Christ as king invites us into a life where distance is dispelled and we seek to encounter God. God calls us to the feast that He, Himself, prepared for us.
Christ as king invites us to see this life as the chance to serve and rule with Him not by putting up barriers, but by breaking them down.
To live the Christian life is to live a challenging life. A life that calls us to constant change and conversion. That change and conversion is a matter of the heart, but it is also a matter of how we live.
The life we have in Jesus Christ is an incredible gift for it challenges us to invest ourselves in this life.
If we condensed today’s Gospel parable to its shortest possible statement it would be, "No spectators, please."
It is so easy to live as spectators. We can watch the world swirl around us. We can observe the way things are going wrong in our world, in our country or in our community. We can sit around talking about these problems, giving our untested opinions.
Jesus, in today’s teaching, makes clear that if that is what we do, we are missing the mark, for in His kingdom there are no spectators.
God longs to have communion with us, His creation.
God longs to bring us into His feast.
Even our reading from the Book of Ezekiel in the Old Testament celebrates this longing of our Father in Heaven: “I will bring back the strayed; I will bind up the injured.”
We come together with different experiences, both good and bad and with different sources of knowledge.
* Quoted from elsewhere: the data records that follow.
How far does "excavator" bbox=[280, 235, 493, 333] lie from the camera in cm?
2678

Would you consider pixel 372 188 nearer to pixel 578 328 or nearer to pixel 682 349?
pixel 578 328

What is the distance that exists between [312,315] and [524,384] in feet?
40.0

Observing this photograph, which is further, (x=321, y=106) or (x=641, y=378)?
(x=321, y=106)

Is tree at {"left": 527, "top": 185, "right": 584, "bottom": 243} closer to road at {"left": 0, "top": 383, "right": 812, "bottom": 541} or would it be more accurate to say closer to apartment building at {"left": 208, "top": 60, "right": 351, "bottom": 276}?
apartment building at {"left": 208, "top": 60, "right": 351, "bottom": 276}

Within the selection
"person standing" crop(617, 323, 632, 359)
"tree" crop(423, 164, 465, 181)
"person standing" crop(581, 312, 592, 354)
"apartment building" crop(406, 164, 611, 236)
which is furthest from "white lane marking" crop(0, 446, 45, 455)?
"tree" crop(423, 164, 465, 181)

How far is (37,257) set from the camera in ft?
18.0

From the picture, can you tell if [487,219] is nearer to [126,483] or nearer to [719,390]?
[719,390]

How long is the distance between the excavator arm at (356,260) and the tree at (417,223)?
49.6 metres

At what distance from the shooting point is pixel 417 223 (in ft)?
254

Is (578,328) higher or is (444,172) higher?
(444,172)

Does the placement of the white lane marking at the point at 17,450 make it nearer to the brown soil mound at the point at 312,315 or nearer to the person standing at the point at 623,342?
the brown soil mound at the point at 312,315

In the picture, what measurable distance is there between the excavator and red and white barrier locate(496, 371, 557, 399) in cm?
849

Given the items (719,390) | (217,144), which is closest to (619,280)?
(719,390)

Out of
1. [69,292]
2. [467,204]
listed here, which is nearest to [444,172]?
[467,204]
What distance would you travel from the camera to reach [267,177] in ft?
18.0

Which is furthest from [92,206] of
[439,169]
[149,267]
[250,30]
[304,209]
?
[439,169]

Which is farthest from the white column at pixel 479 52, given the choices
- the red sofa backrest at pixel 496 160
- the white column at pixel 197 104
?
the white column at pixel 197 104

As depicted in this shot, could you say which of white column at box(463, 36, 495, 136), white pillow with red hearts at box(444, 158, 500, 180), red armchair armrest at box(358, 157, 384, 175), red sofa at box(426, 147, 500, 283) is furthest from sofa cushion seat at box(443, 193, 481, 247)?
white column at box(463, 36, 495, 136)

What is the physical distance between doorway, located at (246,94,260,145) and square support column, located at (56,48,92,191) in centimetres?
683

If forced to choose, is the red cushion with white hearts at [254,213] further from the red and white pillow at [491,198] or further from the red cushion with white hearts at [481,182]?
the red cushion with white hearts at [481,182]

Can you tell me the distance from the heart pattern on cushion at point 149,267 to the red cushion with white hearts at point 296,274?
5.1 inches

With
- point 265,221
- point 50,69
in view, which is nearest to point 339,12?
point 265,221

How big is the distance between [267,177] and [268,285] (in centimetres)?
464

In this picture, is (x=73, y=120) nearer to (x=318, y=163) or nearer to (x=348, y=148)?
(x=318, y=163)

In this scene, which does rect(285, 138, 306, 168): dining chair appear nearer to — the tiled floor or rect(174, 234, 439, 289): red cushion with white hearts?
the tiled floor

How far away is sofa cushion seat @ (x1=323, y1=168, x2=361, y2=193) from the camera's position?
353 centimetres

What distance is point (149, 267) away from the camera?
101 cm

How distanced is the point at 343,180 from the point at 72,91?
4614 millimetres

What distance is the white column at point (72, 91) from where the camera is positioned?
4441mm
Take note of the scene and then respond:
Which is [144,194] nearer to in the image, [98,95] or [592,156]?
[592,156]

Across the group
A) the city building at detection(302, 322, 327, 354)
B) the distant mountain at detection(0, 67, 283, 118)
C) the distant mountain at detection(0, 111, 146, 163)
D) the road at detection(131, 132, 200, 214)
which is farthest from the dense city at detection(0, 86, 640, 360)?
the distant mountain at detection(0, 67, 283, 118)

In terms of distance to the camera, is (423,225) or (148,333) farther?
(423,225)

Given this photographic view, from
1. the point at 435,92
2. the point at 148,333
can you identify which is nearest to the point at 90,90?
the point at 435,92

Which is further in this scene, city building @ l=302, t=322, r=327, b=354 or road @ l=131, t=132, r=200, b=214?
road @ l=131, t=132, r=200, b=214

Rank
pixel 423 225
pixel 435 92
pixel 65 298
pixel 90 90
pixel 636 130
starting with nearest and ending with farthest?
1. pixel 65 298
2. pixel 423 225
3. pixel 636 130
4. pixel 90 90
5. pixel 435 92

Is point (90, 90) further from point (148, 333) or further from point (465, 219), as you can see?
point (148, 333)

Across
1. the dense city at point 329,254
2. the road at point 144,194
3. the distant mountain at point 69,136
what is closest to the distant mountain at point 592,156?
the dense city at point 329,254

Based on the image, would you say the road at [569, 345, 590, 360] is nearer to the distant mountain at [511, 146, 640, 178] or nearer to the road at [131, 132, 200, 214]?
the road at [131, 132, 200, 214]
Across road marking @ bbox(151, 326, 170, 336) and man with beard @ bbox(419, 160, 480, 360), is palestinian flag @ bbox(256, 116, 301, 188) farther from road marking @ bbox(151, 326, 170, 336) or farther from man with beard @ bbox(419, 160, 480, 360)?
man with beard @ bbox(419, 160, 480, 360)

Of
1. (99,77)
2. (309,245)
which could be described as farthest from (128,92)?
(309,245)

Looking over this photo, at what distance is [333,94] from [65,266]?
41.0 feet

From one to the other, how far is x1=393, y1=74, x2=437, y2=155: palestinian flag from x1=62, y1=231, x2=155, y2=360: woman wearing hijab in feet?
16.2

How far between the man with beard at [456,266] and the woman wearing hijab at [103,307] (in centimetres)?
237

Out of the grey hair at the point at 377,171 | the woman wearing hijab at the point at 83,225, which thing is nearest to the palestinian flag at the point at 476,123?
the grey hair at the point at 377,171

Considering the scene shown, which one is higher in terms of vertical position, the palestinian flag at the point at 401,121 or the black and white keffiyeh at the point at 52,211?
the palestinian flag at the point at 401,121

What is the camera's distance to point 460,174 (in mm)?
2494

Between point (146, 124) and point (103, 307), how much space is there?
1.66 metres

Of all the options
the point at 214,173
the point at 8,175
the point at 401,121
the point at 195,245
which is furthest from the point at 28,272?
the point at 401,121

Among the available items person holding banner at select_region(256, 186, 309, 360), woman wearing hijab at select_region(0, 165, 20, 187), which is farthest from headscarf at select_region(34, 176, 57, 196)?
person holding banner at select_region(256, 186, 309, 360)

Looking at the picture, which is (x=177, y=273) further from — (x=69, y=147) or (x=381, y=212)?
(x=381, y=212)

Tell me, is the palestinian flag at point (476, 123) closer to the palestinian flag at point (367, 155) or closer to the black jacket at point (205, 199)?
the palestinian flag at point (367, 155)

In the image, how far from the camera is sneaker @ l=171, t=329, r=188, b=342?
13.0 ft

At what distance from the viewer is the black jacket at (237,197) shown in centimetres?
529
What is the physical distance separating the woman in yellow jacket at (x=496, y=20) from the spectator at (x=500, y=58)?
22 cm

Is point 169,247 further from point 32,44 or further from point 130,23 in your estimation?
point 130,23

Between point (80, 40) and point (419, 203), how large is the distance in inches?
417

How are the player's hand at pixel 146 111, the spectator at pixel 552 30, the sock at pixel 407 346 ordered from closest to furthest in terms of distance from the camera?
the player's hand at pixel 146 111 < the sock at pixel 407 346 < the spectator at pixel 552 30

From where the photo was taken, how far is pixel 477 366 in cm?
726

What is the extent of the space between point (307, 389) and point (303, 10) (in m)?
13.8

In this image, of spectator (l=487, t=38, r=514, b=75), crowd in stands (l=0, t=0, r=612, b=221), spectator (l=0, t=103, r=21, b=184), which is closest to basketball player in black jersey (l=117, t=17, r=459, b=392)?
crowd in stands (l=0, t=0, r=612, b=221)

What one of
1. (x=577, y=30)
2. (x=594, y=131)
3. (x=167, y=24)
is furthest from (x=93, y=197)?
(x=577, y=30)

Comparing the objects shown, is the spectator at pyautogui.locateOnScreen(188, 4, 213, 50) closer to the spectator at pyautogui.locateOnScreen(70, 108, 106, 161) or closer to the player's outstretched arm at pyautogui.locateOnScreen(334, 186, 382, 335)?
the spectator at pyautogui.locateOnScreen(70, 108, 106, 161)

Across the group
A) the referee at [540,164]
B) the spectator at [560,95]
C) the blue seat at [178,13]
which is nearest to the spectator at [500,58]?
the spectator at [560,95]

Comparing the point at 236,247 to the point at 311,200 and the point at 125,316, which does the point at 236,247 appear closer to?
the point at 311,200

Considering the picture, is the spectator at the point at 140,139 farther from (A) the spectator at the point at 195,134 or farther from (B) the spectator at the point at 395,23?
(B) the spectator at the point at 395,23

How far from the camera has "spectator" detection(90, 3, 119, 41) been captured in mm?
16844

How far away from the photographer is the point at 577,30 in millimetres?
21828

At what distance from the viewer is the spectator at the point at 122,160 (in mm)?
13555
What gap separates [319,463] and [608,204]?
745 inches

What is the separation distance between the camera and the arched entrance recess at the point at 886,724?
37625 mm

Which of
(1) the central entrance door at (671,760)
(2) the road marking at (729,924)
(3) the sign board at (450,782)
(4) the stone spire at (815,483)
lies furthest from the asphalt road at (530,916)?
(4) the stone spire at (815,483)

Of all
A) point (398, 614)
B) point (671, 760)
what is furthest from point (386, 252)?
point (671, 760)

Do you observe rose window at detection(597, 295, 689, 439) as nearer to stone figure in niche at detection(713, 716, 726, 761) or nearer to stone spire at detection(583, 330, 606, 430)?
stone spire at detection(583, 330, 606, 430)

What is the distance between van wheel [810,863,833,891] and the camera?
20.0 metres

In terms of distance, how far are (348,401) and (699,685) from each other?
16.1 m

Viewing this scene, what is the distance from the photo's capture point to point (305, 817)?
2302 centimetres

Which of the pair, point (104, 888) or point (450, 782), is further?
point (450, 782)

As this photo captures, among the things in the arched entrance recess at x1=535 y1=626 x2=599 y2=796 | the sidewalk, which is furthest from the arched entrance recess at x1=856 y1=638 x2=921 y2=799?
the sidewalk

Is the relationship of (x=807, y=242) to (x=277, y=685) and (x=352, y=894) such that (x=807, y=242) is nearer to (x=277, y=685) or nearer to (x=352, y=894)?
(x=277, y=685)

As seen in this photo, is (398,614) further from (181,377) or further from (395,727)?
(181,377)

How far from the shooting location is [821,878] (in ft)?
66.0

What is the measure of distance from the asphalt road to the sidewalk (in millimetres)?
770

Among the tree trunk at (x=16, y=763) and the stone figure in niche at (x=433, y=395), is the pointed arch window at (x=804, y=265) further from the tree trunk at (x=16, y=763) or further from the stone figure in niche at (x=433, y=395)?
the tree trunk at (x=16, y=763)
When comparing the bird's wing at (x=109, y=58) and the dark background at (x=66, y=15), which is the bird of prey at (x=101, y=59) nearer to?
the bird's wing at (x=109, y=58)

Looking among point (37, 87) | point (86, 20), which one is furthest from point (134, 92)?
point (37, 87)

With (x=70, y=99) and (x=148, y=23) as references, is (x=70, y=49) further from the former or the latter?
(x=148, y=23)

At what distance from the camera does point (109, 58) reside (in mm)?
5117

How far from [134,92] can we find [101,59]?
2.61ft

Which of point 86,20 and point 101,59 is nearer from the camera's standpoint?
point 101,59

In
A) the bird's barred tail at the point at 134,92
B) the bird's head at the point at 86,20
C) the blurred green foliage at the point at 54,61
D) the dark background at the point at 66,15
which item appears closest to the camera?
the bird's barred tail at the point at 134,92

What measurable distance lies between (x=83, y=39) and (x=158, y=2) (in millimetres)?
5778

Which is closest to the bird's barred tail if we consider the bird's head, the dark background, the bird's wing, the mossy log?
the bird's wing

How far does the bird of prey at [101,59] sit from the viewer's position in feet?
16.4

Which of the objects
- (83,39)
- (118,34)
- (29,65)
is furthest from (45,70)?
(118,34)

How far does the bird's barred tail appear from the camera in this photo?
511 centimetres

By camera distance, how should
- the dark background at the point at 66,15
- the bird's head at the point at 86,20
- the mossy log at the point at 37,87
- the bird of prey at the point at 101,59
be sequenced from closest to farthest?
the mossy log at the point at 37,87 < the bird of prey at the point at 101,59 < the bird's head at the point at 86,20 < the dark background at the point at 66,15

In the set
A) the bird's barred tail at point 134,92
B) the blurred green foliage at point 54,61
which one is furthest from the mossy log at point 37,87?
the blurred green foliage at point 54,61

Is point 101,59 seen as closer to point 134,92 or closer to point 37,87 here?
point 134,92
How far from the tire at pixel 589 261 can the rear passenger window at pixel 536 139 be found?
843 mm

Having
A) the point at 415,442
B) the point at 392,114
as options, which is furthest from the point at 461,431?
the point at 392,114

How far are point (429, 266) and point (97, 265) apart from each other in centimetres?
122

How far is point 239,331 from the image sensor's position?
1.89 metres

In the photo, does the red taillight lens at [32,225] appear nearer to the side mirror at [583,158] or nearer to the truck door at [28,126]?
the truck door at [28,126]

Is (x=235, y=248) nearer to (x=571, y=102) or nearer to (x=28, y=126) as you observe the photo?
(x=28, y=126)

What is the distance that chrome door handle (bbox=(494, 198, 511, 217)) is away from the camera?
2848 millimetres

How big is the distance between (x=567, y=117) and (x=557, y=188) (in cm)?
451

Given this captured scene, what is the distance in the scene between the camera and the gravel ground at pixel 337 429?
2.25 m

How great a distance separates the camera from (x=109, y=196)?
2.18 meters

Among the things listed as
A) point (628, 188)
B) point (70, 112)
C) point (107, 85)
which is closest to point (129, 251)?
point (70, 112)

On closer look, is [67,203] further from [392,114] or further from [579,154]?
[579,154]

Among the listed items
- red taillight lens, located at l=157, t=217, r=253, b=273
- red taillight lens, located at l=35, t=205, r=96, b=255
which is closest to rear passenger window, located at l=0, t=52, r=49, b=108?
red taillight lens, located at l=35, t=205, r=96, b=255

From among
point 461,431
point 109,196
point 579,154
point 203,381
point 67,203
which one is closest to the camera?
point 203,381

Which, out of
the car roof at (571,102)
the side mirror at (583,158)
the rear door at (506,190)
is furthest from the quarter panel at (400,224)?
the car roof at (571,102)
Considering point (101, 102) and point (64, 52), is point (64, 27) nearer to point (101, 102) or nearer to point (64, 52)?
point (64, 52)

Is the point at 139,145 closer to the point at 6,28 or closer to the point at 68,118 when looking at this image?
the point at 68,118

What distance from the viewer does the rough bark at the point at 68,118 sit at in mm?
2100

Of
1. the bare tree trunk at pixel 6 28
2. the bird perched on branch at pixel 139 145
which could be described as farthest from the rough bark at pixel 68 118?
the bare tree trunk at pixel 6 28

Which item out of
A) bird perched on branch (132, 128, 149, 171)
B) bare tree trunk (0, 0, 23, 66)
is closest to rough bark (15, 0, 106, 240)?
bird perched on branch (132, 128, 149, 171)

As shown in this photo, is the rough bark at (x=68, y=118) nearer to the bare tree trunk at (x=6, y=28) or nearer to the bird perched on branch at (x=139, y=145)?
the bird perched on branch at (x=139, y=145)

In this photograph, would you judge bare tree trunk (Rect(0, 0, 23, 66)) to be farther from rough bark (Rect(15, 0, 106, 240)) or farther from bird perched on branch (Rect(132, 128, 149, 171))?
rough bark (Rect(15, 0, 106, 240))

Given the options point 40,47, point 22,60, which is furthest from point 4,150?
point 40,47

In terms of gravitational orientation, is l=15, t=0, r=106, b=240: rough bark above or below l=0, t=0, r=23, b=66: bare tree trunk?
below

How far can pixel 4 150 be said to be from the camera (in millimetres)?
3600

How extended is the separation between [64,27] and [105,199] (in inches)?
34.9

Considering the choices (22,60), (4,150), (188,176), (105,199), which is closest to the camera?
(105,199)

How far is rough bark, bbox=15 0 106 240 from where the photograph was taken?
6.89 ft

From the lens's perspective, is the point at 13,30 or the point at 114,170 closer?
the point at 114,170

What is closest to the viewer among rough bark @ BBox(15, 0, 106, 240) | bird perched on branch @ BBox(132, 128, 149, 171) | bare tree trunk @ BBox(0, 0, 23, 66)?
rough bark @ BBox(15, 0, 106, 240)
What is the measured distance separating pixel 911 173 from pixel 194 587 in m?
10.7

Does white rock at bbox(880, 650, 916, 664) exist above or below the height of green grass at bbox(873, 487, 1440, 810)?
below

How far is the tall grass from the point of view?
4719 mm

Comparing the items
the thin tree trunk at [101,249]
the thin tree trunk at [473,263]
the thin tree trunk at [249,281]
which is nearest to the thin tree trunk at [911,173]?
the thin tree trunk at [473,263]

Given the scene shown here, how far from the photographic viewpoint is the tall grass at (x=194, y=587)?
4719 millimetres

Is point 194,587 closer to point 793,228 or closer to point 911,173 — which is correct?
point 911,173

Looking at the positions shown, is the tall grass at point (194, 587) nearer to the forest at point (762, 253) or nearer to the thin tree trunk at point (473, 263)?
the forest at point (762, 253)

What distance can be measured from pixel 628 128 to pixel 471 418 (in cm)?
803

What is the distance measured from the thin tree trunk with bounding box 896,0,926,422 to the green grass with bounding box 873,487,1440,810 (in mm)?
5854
We come together in one Christ – and in Him, we are all citizens of the same kingdom, with the same aspirations.
We are one body.
It means putting reticence behind us. And let us be clear: All of us can find reasons to remain on the fringe.
This week, in the Gospel’s cautionary tale, Jesus talks of those who hunger and thirst, the stranger, the naked and those who are in prison. To hunger and thirst, is not just about food and drink, we can hunger to be belong and we can thirst to tell our story. We can even with those closest at hand be a stranger for a long time.
This Christian life is a feast that never ends, offering each of us the chance to sit down together in the presence of our King. A feast of friendship and common sharing. A feast of encouragement and reconciliation. A feast of compassion and empathy. A feast of prayer and intimacy with God.
The promise of faith is the everlasting feast of life. We see violence in our own cities and massive acts of inhumanity around the world. We carry the COVID cross each in our own way. And, of course, winter is coming, which is not a source of rejoicing for everyone.
However, the feast offers promises of good things in the end. To paraphrase that good woman that took care of Prince Philip, “Save your faith, good things are coming.”
This reflection is based on the readings for the Feast of Christ the King: Ezekiel 34.11-12, 15-17; 1 Corinthians 15.20-26, 28; Matthew 25.31-46.